The client’s attitudes and drivers may change over time, as various risks begin to materialise. This is a factor that must be considered in the choice of a procurement route during the initial strategy meeting.

By way of analysis, it is usual to place the list of risks in various categories, depending on the nature of the risk involved and the potential ownership of those risks. Categories of risks could include some or all of the following:

  • strategic risks, such as failure to obtain planning permission, or client funding problems;

  • external risks, such as changes in the environment;

  • project risks, such as overspends or delays to the programme;

  • discovery risks, such as poor ground conditions or the like.

The listed risks are normally placed into a risk register, a contractual document that both lists the risks and provides a description of the impact that the risk in question would have on the project, should that risk event occur.

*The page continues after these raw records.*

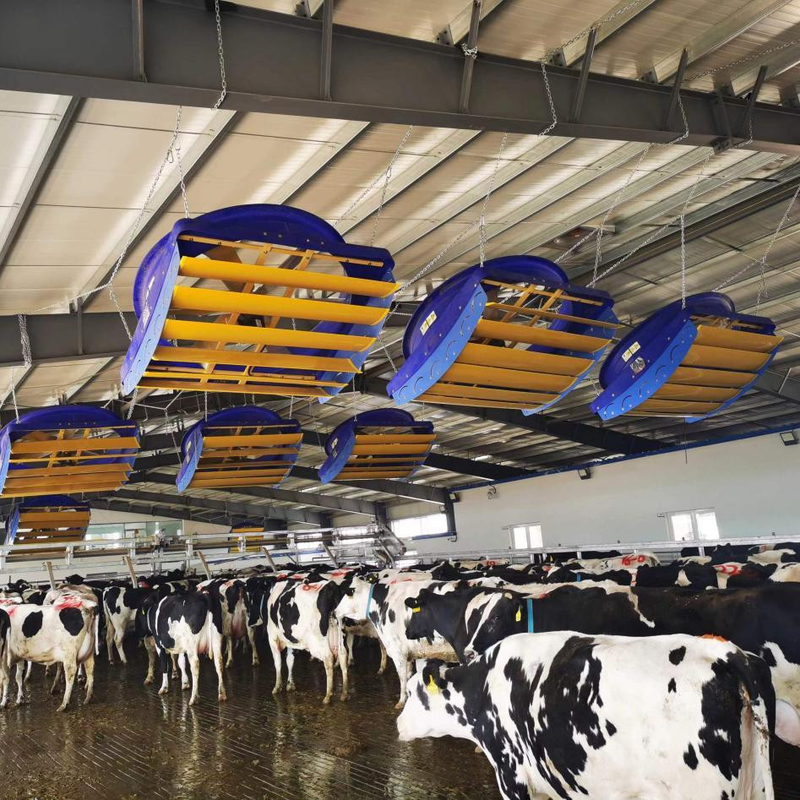 72 Inch Ventilation Cooling Fan For Cow / Cattle Calf Calve House / Dairy Farm / Shed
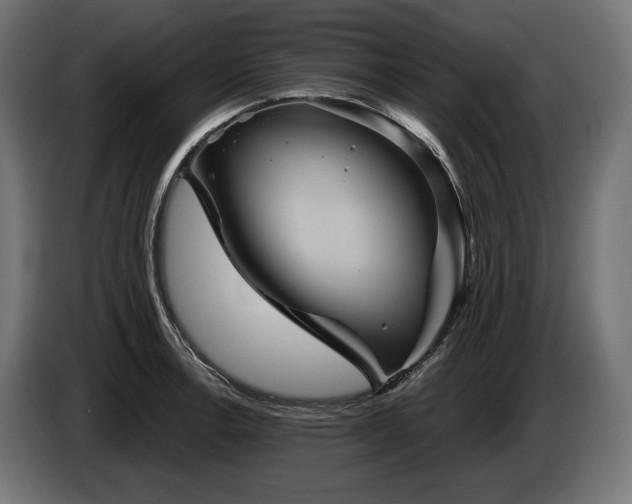 X0000084521138200703021350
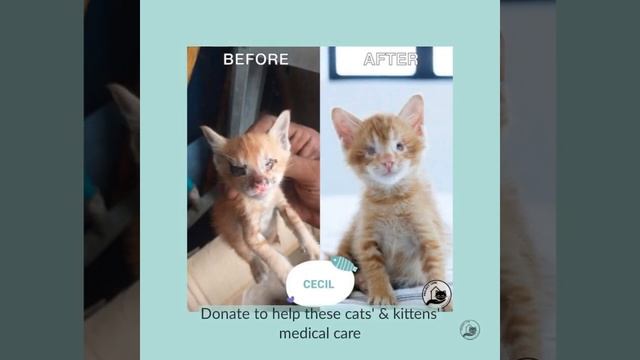 Project LUNI - Fostering Saves Lives Ad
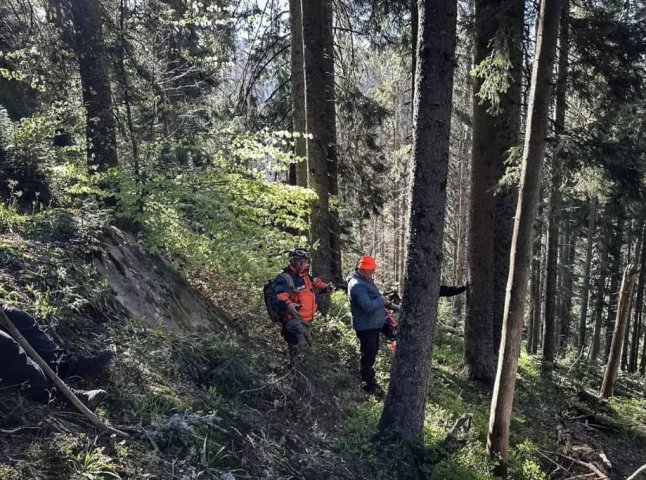 Знайдено хлопця та дівчину, які вчора ввечері заблукали в горах Знайдено хлопця та дівчину, які вчора ввечері заблукали в горах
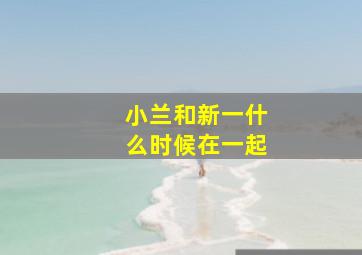 小兰和新一什么时候在一起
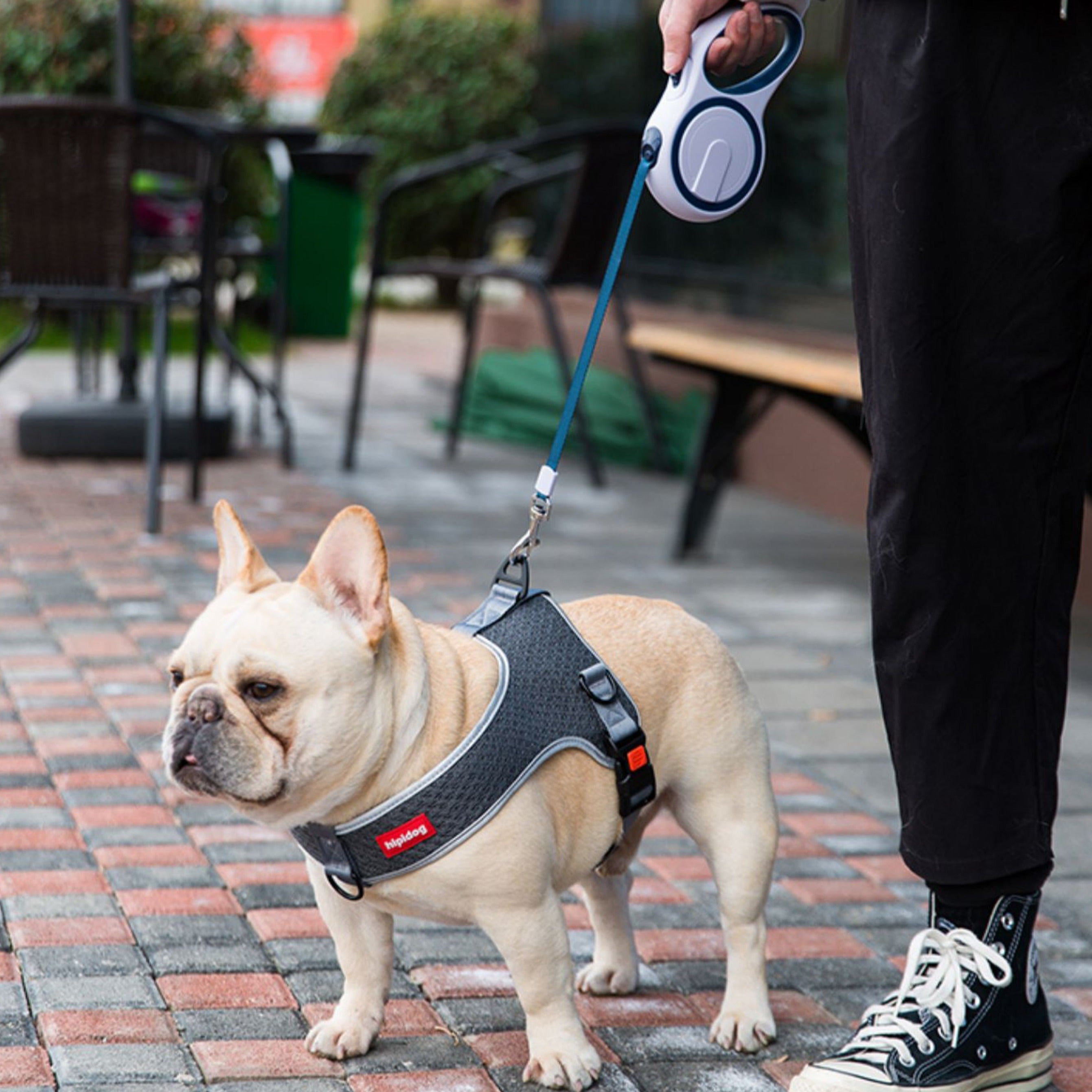 PawsMotion Premium French Bulldog Harness Vest with Leash Ultimate Walking Companion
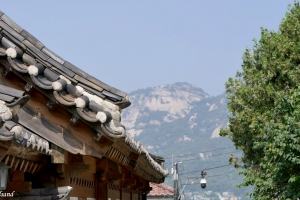 2019 South Korea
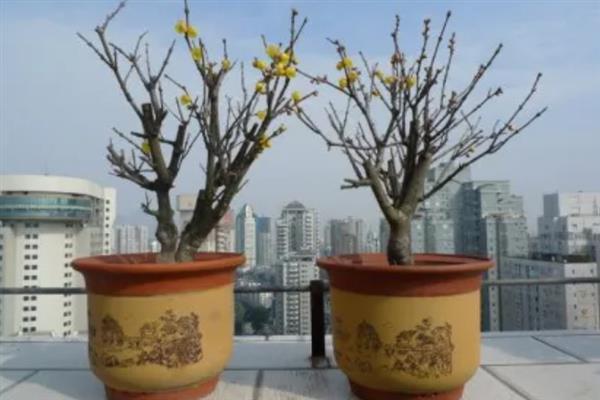 腊梅落蕾如何防治，冬季入室后要控制浇水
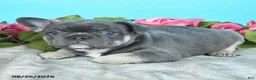French Bulldog dogs for sale: Tim - Ad 2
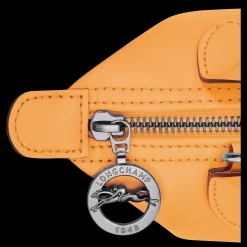 Le Pliage Xtra Xs Handbag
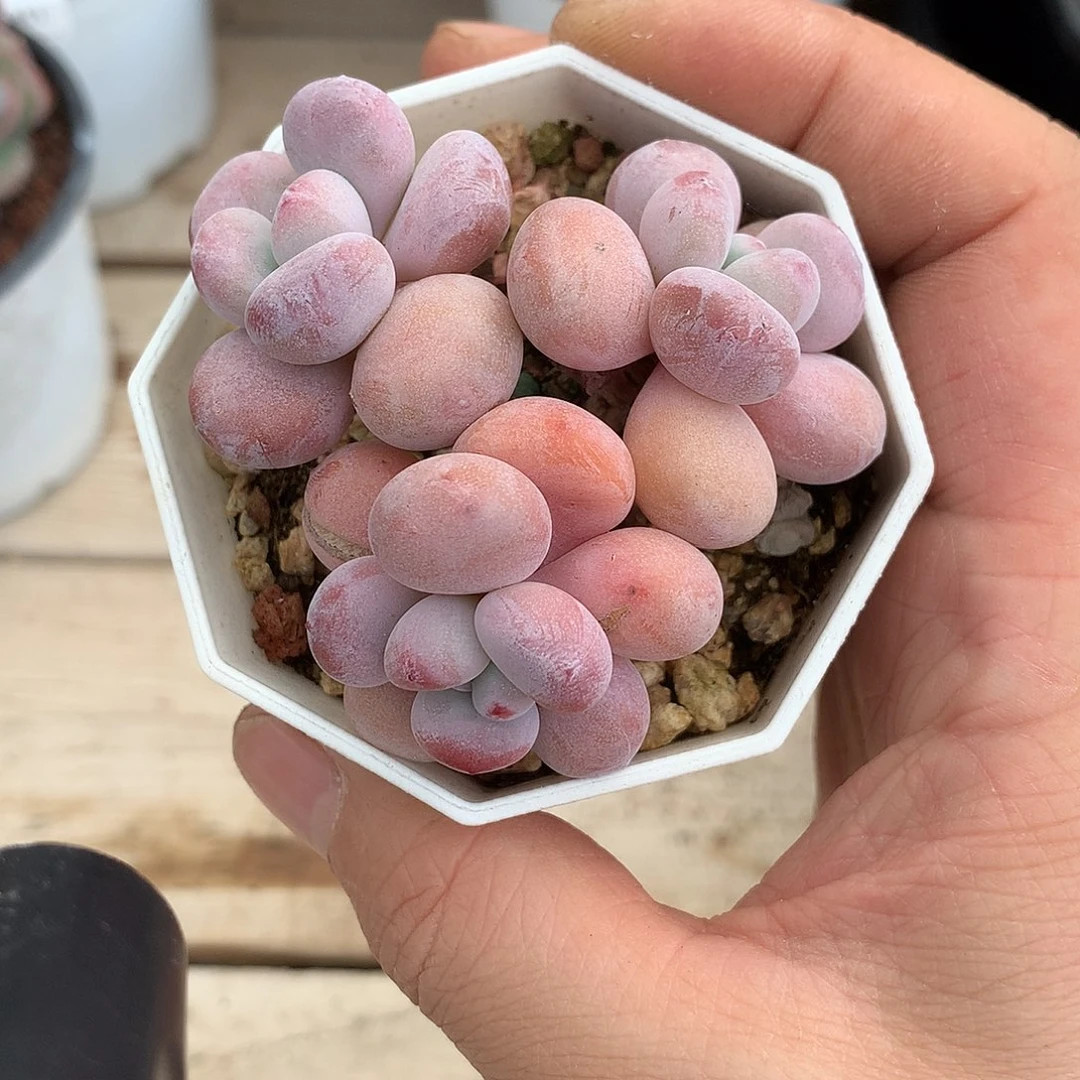 6486粉兔多肉一颗8厘米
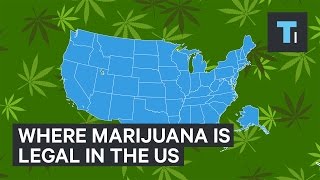 Where Marijuana Is Legal In The US [upl. by Analeh]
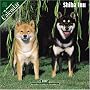 Shiba Inu 2007 Wall Calendar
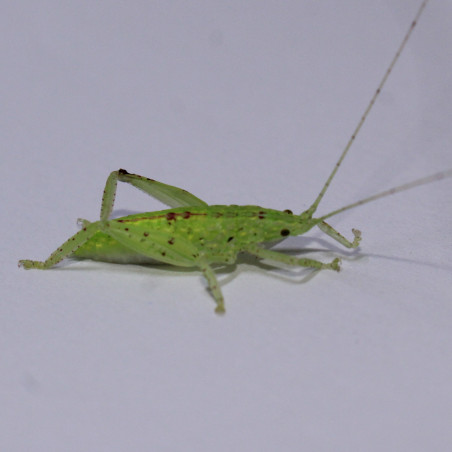 Phyllomimus cf. truncatus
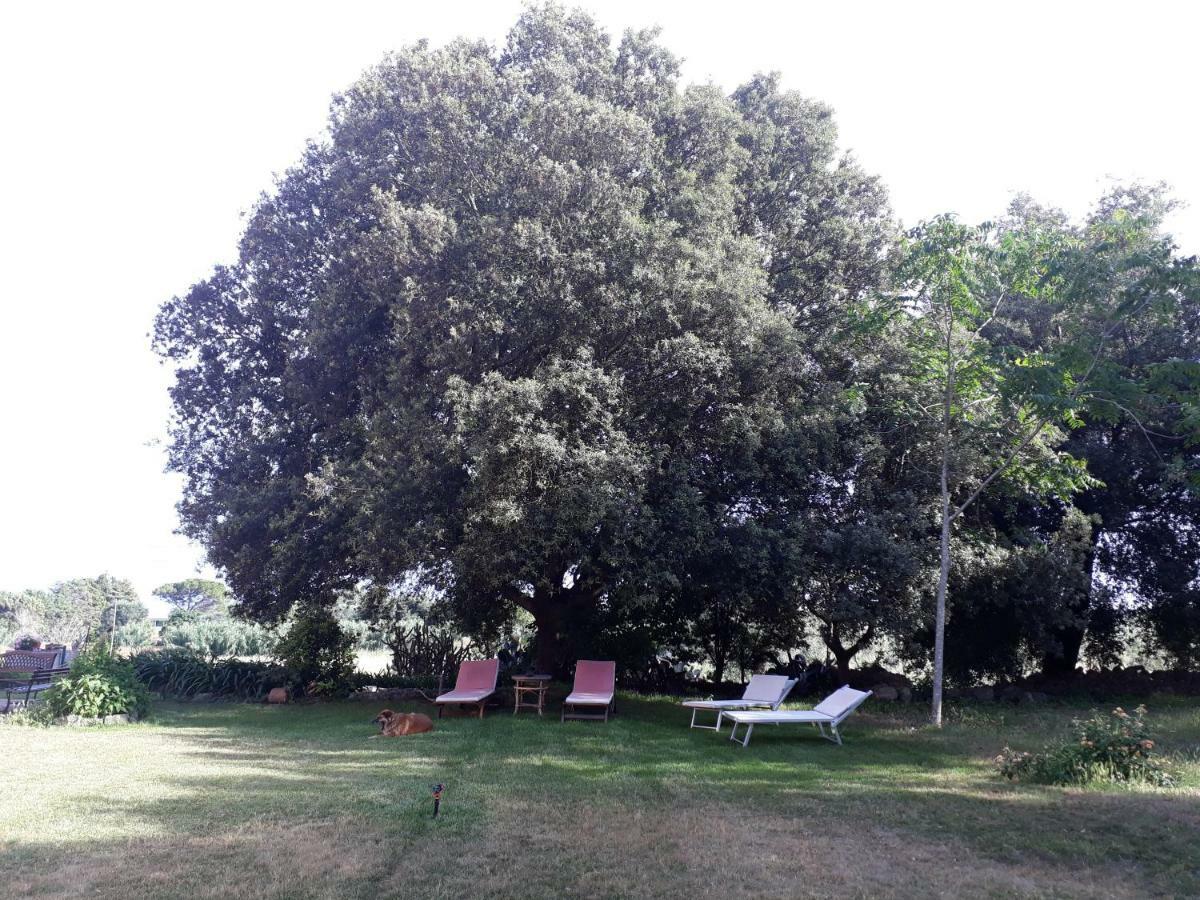 Tenuta Argiano Mesagne Exterior photo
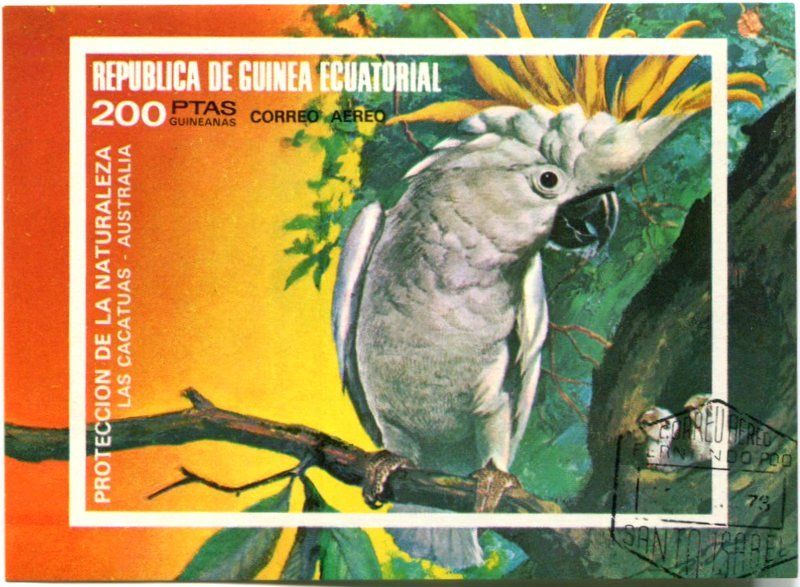 Tous les timbres: Block "Kakadu". Äquatorialguinea. – Neuf avec emballage d'origine à Basel par Butsch5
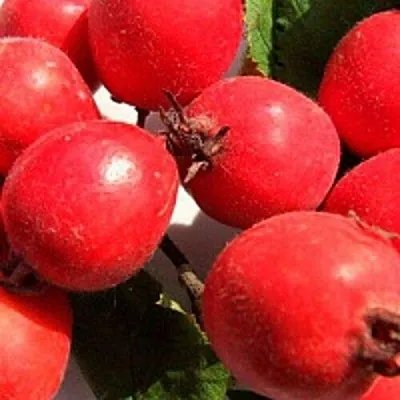 Боярышник КРУПНОПЛОДНЫЙ  Боярышник КРУПНОПЛОДНЫЙ в Мичуринске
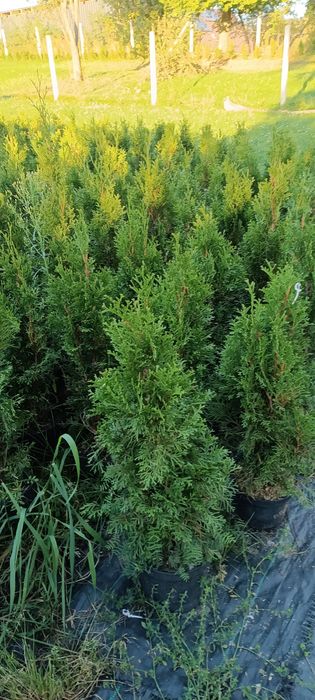 Tuje szmaragd 70-80 cm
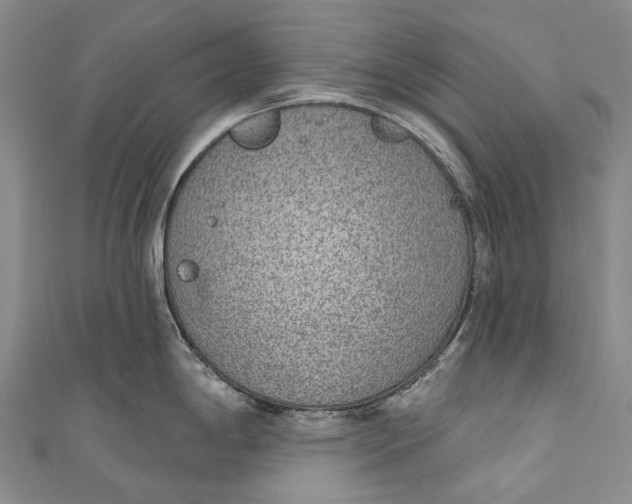 X0000110981198200907101403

The overall list of risks can be as long or as short as is necessary (and this may well depend upon the complexity of the project). These risks will either be generic (common to most if not all construction projects) or will be specific to the particular construction project in question.

Generally, those risks that are external to the project are less able to be controlled in the timing or extent of impact upon the construction project, whilst those risks that are internal to the construction project can be more easily managed and can be allocated to the appropriate party in the construction project.

In the analysis of the risks in the risk register, a risk scoring exercise is normally undertaken. Each risk event is scored by reference to a pre-agreed scale of the likelihood of the event occurring. An element of judgment is inevitably needed as the project team may not necessarily be aware of the likelihood of client risk events occurring.

To avoid bias in the results, often the scoring is undertaken by various different disciplines in the client’s procurement team and the scores are then averaged for each risk event. The risk events are also scored in a similar way on the basis of the impact that the event in question would have on the programme should the event occur. Consequently, it may be that some risk events are more likely to occur but would have little impact upon the project should they occur and vice versa.

This resultant risk profile may make it plain that the originally envisaged procurement strategy needs to be changed. The opportunity to deliver real benefits to the client (and for these to be accurately encapsulated within the contractual structure) is obviously best obtained if decisions to change the procurement strategy are made as early as possible, given that it is a well-known fact that any ‘window of opportunity’ to gain benefits progressively closes as the project continues.

In addition, this risk profile coupled with the client’s attitude to risk (which may be an attitude developed through free choice, or, particularly in the case of public sector clients, may be an attitude dictated to it by statutory or other regulatory obligations) helps to decide upon the procurement route to follow to satisfy the procurement strategy, and which allows flexibility to deal with the anticipated risks that may be faced.

A chosen procurement route should be made with a clear awareness of the likelihood of occurrence and severity of the impact of risks. If a procurement route is chosen in this way, the project should be less severely impacted if the risk event in question actually occurs. Undertaking a risk analysis at this early juncture means that it can be updated throughout the construction process and can be used as a management tool to assist with the management of risks as they occur.

In some contract forms (the NEC forms, for example) the use of risk registers is an established way of recording risks during the construction process, and procedures are put into place to allow the parties to agree whether the risk should be carried by one party or the other, or whether the risk should be shared, or even if the risk can be eliminated altogether.

This approach is particularly useful if the allocation of the risks considered at the procurement stage are dealt with on a similar basis, and if used correctly can be utilised to anticipate and minimise the impact of potential risk items in the future.